*** Block opens ***

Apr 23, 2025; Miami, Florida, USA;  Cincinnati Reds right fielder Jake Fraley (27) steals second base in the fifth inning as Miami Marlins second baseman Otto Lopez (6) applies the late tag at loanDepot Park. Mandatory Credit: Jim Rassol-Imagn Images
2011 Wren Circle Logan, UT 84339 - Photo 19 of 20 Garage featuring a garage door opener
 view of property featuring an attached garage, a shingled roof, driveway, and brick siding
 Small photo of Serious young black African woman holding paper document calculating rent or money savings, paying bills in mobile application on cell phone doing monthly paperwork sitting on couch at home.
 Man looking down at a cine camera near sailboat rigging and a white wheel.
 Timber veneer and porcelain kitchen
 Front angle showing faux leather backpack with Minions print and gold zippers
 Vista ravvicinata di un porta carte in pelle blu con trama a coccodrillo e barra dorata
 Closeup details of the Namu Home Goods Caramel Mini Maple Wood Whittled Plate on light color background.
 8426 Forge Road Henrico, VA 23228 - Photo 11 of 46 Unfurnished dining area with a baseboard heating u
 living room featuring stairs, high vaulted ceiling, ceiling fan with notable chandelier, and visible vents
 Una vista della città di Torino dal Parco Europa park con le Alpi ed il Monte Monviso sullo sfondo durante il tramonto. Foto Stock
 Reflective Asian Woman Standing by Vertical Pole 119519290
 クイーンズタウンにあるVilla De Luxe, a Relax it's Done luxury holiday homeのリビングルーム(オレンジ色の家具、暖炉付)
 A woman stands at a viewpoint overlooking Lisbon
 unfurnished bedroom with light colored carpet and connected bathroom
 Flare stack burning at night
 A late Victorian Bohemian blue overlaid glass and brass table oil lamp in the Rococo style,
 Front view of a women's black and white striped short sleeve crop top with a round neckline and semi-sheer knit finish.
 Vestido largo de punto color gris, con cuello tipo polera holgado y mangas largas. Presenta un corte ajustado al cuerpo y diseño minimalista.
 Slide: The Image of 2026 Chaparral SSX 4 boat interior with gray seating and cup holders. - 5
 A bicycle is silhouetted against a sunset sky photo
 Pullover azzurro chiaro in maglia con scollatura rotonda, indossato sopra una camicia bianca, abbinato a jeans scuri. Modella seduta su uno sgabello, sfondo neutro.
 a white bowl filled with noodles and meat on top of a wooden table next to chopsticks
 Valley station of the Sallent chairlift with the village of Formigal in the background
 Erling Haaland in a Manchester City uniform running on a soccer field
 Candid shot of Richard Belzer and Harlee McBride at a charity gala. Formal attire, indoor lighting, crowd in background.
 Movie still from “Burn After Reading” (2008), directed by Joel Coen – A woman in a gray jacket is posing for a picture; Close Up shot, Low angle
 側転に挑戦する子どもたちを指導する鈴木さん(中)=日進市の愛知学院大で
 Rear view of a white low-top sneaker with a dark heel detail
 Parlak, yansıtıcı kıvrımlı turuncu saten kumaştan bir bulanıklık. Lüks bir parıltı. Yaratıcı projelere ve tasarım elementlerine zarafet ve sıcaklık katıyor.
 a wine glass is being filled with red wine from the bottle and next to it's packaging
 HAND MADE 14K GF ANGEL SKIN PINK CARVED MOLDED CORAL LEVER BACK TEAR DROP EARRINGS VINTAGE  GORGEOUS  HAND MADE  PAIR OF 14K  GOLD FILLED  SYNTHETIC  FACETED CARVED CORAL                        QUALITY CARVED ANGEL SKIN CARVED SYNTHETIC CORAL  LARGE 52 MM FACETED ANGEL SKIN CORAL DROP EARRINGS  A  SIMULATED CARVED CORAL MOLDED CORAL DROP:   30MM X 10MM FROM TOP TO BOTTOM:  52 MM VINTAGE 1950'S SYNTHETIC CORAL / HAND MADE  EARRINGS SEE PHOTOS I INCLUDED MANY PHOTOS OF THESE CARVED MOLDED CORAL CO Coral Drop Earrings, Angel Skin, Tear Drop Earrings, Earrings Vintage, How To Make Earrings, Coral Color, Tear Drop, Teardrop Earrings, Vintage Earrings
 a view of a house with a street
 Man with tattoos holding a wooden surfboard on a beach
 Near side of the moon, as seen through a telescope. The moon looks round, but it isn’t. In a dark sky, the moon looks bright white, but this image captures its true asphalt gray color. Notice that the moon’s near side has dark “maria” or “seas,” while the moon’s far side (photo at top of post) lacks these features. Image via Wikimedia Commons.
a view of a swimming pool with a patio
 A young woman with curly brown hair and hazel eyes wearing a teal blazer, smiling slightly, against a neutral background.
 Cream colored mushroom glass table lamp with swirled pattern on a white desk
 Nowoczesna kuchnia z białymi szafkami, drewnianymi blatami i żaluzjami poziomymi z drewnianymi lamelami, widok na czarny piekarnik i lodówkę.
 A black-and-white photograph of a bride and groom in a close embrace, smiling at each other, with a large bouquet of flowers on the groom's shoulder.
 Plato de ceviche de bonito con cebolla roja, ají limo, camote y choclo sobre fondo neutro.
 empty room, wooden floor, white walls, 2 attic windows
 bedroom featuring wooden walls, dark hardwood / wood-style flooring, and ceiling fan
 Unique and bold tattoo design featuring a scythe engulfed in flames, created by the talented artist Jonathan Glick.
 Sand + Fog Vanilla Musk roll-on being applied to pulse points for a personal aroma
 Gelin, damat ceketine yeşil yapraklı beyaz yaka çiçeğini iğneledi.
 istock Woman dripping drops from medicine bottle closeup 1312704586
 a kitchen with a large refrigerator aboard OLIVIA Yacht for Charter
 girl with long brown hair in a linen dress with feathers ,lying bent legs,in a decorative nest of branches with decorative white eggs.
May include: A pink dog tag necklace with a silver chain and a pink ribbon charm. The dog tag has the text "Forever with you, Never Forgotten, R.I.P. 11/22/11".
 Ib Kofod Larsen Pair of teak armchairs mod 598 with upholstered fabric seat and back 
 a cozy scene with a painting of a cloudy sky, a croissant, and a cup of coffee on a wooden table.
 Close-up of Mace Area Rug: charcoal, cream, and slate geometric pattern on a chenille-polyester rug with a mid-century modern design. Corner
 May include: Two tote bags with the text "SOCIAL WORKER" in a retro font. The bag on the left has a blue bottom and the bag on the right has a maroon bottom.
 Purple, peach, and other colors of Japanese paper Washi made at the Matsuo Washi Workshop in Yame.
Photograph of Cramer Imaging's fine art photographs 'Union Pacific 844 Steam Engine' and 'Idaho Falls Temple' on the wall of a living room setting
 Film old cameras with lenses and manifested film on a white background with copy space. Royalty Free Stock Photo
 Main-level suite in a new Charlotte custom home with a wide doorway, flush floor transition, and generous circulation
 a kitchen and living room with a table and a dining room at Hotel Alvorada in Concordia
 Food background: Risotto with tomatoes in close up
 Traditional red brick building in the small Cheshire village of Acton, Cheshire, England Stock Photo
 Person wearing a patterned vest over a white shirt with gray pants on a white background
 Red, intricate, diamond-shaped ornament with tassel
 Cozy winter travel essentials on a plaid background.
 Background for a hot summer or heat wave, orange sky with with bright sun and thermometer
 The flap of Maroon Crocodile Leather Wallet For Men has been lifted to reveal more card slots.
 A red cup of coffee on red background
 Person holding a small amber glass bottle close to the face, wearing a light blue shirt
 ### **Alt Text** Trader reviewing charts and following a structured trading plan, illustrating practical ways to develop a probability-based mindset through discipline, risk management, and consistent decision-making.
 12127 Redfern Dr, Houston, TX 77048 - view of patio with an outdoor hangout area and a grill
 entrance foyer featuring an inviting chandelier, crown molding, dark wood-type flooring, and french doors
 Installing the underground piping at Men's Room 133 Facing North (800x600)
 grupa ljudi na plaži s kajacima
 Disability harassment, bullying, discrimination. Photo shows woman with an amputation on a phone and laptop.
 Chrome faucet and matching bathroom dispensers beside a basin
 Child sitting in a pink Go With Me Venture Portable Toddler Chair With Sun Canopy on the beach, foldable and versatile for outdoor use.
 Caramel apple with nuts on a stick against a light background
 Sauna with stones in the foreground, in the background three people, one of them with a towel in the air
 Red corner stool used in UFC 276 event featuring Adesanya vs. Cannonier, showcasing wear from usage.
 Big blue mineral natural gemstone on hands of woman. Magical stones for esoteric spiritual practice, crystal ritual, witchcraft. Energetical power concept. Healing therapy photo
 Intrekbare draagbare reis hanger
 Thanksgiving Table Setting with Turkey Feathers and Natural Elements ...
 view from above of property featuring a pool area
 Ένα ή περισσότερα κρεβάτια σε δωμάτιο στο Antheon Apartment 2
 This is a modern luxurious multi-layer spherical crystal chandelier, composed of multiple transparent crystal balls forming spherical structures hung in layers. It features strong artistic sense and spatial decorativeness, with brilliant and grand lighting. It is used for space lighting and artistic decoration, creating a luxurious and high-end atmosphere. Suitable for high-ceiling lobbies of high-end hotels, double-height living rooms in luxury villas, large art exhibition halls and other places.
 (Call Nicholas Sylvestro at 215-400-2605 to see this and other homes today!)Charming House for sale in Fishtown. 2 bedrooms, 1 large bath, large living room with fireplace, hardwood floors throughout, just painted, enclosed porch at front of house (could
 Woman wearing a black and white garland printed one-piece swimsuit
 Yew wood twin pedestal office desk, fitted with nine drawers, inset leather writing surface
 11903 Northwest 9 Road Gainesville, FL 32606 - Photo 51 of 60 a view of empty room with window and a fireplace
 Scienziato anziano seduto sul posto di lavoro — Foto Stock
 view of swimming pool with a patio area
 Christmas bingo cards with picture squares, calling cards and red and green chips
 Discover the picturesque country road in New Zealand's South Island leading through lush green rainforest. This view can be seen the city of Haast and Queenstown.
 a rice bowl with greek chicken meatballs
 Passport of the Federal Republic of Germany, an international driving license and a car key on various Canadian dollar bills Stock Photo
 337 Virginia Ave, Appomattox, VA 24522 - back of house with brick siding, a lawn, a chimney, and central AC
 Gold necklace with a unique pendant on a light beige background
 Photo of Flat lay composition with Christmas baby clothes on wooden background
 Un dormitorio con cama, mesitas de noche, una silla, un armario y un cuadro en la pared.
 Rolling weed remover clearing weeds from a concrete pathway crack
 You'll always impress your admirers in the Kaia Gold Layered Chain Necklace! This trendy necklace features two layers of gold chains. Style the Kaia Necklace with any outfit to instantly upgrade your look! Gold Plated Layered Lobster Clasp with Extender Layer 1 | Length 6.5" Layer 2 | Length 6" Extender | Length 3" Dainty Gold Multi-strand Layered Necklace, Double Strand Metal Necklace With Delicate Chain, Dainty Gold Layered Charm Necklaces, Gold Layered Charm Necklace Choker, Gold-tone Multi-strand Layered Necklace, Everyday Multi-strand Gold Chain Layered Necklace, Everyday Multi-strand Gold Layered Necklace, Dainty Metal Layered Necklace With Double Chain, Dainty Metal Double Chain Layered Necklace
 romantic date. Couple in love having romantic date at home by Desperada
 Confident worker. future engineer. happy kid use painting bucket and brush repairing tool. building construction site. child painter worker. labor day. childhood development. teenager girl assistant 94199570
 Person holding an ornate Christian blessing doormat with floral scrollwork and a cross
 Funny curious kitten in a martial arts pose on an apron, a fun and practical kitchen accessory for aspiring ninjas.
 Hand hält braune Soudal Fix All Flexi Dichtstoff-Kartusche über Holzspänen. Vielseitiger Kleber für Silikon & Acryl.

*** Block closes ***

If the string "neutro" appears in a line of the entries, report the line.

Solution for this problem:
 Pullover azzurro chiaro in maglia con scollatura rotonda, indossato sopra una camicia bianca, abbinato a jeans scuri. Modella seduta su uno sgabello, sfondo neutro.
 Plato de ceviche de bonito con cebolla roja, ají limo, camote y choclo sobre fondo neutro.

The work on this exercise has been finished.